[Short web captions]
• • • • •

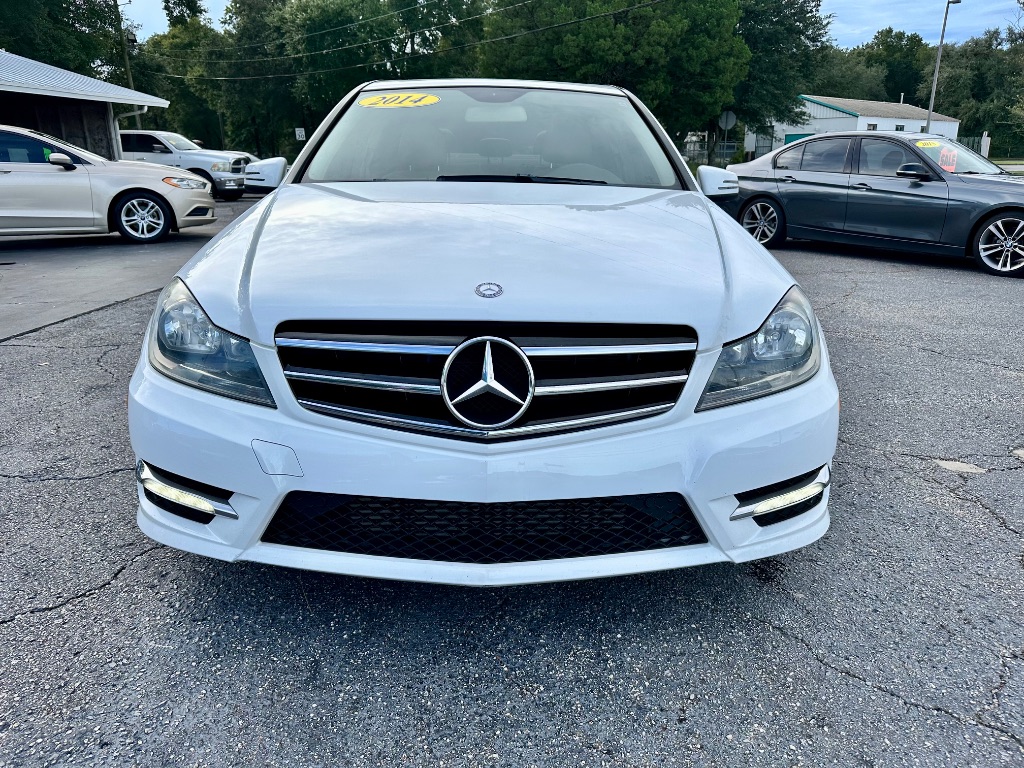 2014 Mercedes-Benz C-Class - $9,988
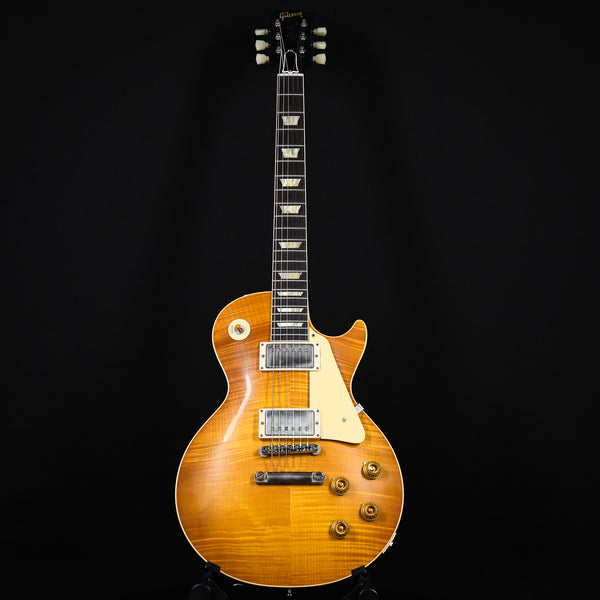 Gibson Custom 1959 Les Paul Standard R9 Reissue VOS Dirty Lemon 2024 (941475)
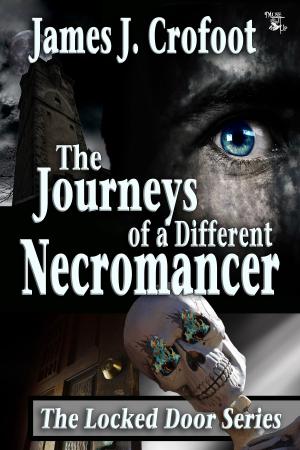 Cover of the book The Journeys of a Different Necromancer by S.S. Hampton Sr.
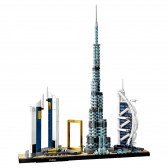 Конструктор - Дубай, 740 части Lego 109809 3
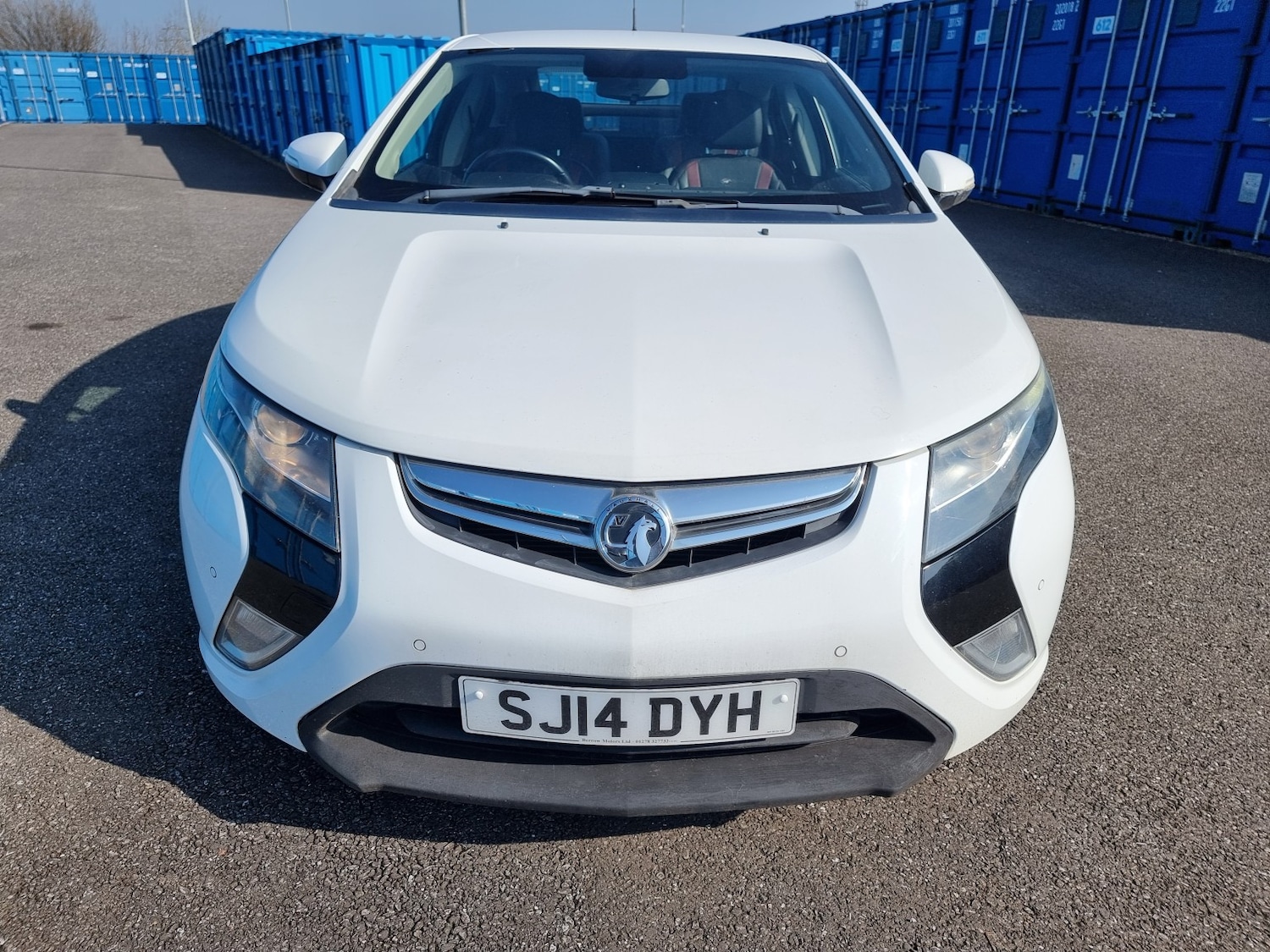 Used Vauxhall Ampera 2014 for sale - 78218018: Photo 3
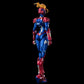 Fighting Armor Captain Marvel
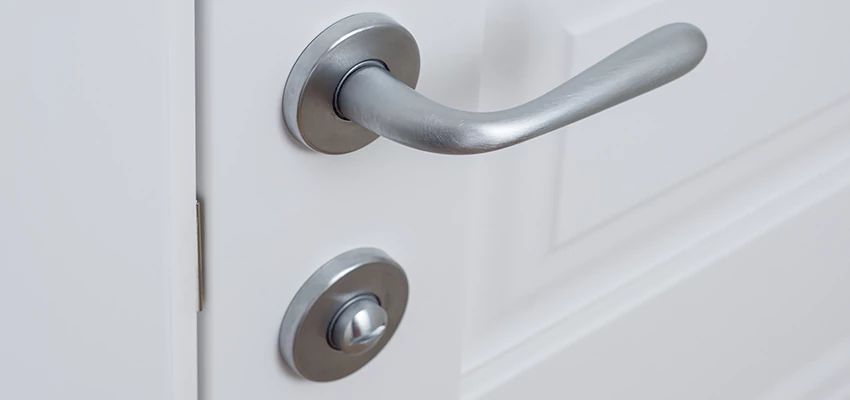 Single-Occupancy Restroom Locks Repair in Roseland, California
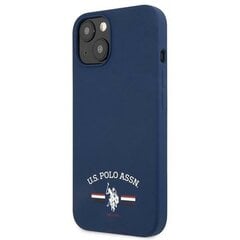US Polo USHCP13MSFGV iPhone 13:lle, sininen hinta ja tiedot | U.S. Polo Assn Tietokoneen lisälaitteet | hobbyhall.fi
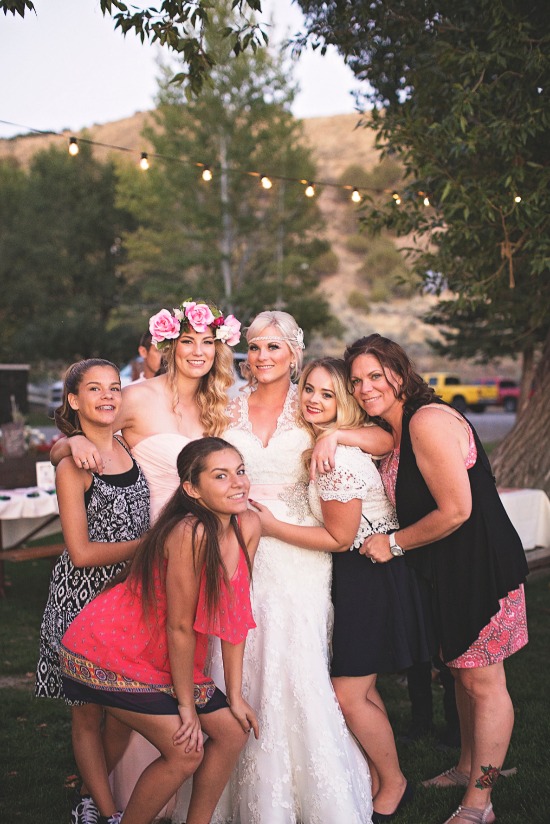 pink-sunset-vintage-wedding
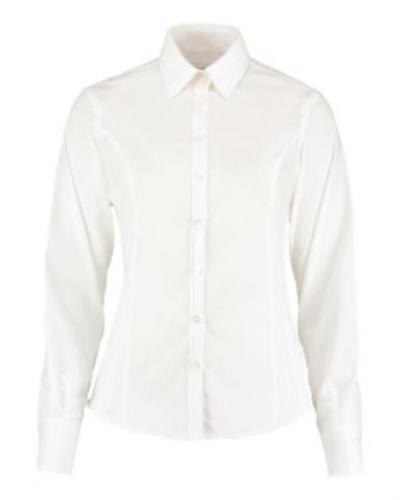 Ladies Long Sleeve Business Shirt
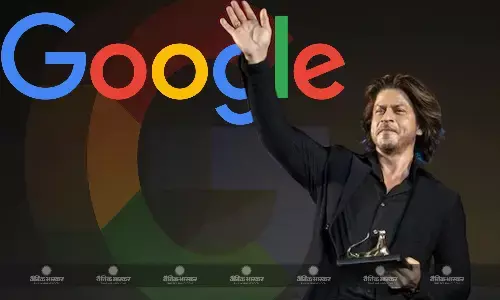 शाहरुख ने इंटरनेशनल ऑडियंस के सामने कहा- अगर मुझे नहीं जानते तो गूगल कर लेना, अब गूगल ने ऐसे दिया जवाब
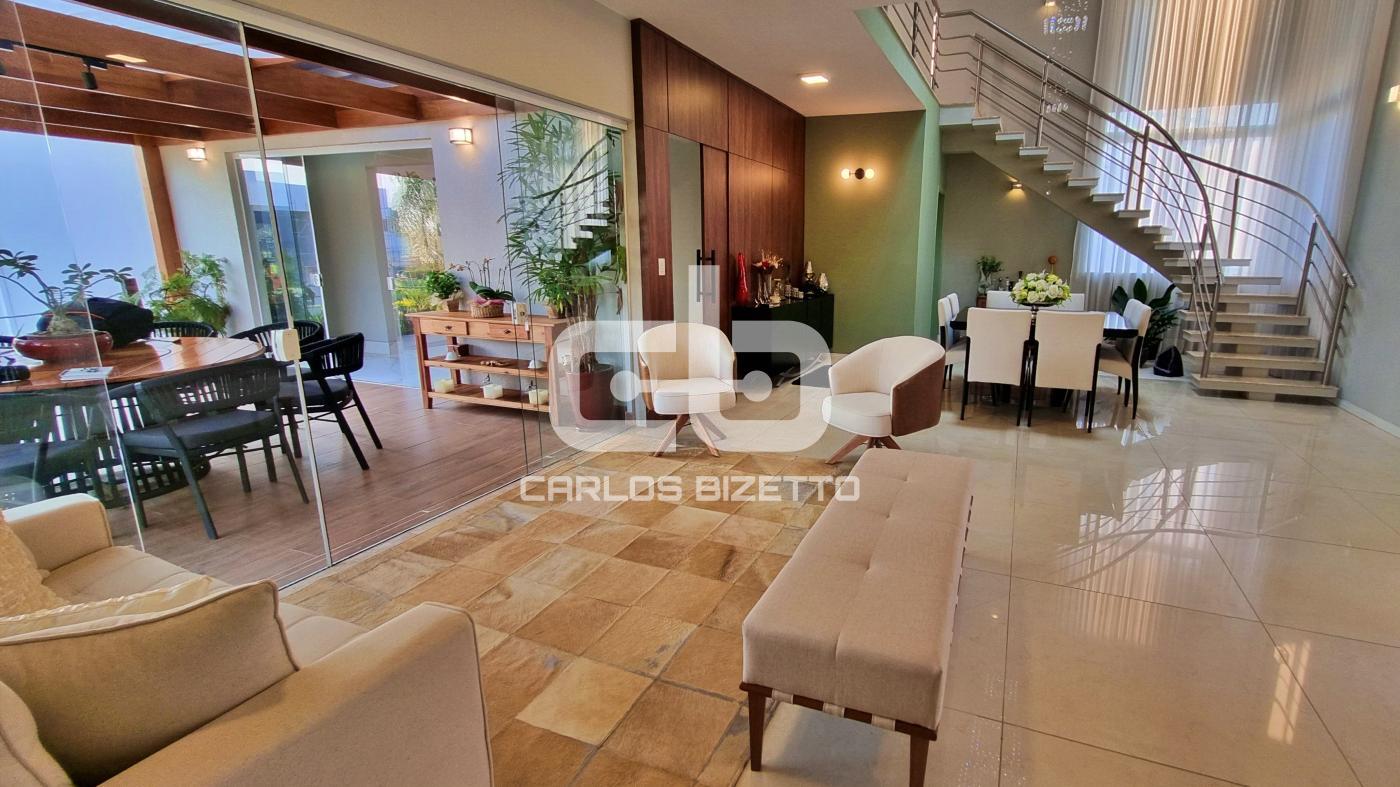 Casa em Condomnio  Venda, Jardim Vila Paradiso (loteamento fechado), Indaiatuba-SP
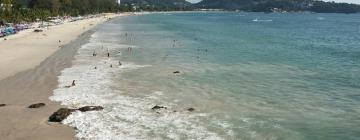 Hotels in Patong Beach
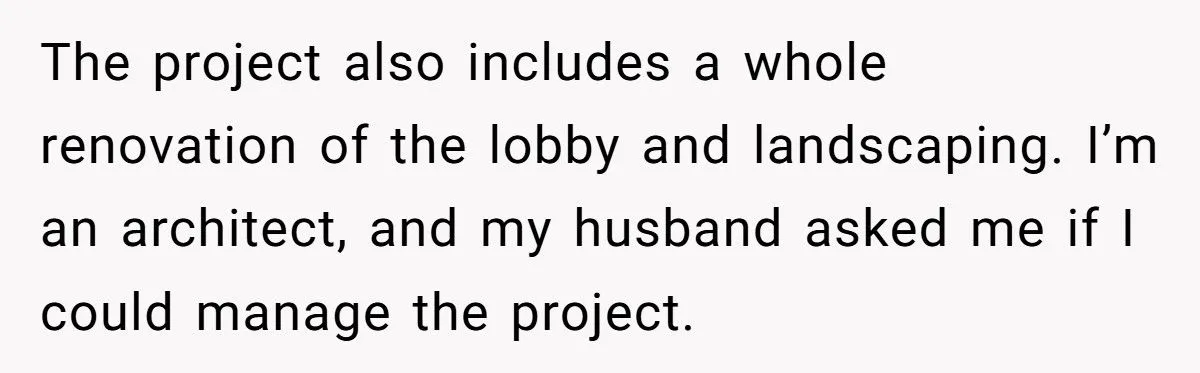 Architect’s Family Feud: Free Work Or Fair Pay?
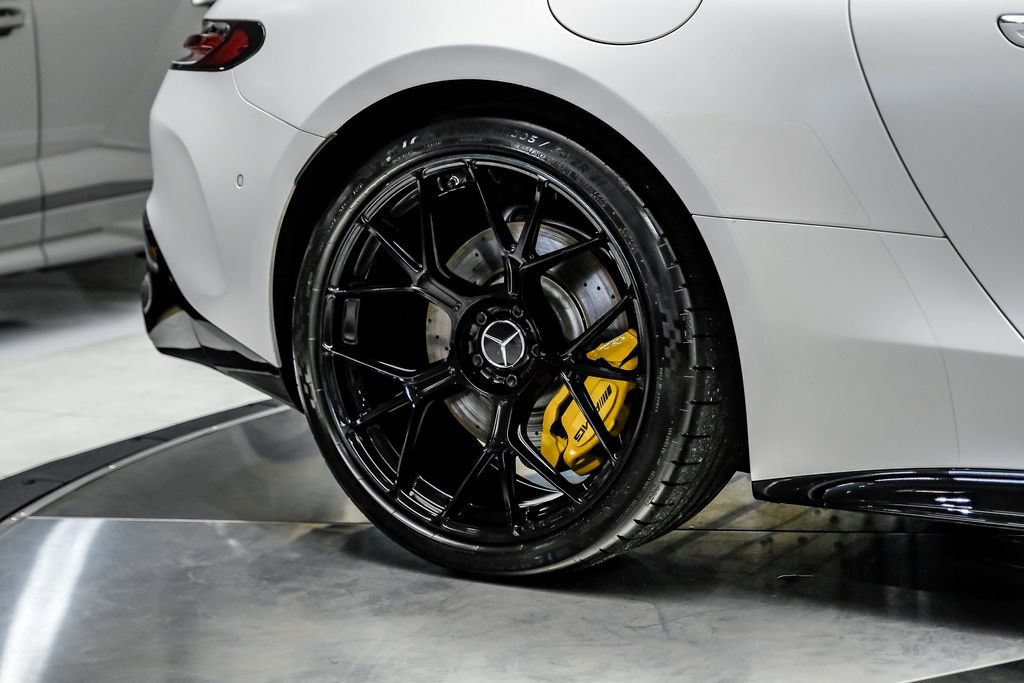 Used 2025 Mercedes-Benz AMG GT 63 image 56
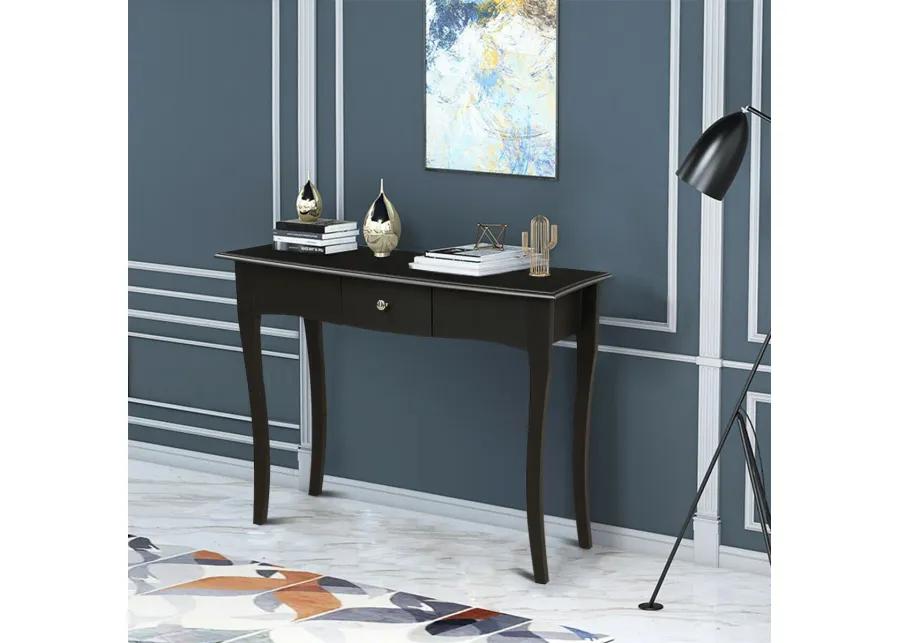 Modern Multifunctional Console Table with Storage Drawer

• • • • •

• What you should do:
Produce the entries above once more, exactly as given, with each picture left out.

• Answer below:
 2014 Mercedes-Benz C-Class - $9,988
 Gibson Custom 1959 Les Paul Standard R9 Reissue VOS Dirty Lemon 2024 (941475)
 Cover of the book The Journeys of a Different Necromancer by S.S. Hampton Sr.
 Конструктор - Дубай, 740 части Lego 109809 3
 Used Vauxhall Ampera 2014 for sale - 78218018: Photo 3
 Fighting Armor Captain Marvel
 Single-Occupancy Restroom Locks Repair in Roseland, California
US Polo USHCP13MSFGV iPhone 13:lle, sininen hinta ja tiedot | U.S. Polo Assn Tietokoneen lisälaitteet | hobbyhall.fi
 pink-sunset-vintage-wedding
 Ladies Long Sleeve Business Shirt
 शाहरुख ने इंटरनेशनल ऑडियंस के सामने कहा- अगर मुझे नहीं जानते तो गूगल कर लेना, अब गूगल ने ऐसे दिया जवाब
 Casa em Condomnio  Venda, Jardim Vila Paradiso (loteamento fechado), Indaiatuba-SP
 Hotels in Patong Beach
 Architect’s Family Feud: Free Work Or Fair Pay?
 Used 2025 Mercedes-Benz AMG GT 63 image 56
 Modern Multifunctional Console Table with Storage Drawer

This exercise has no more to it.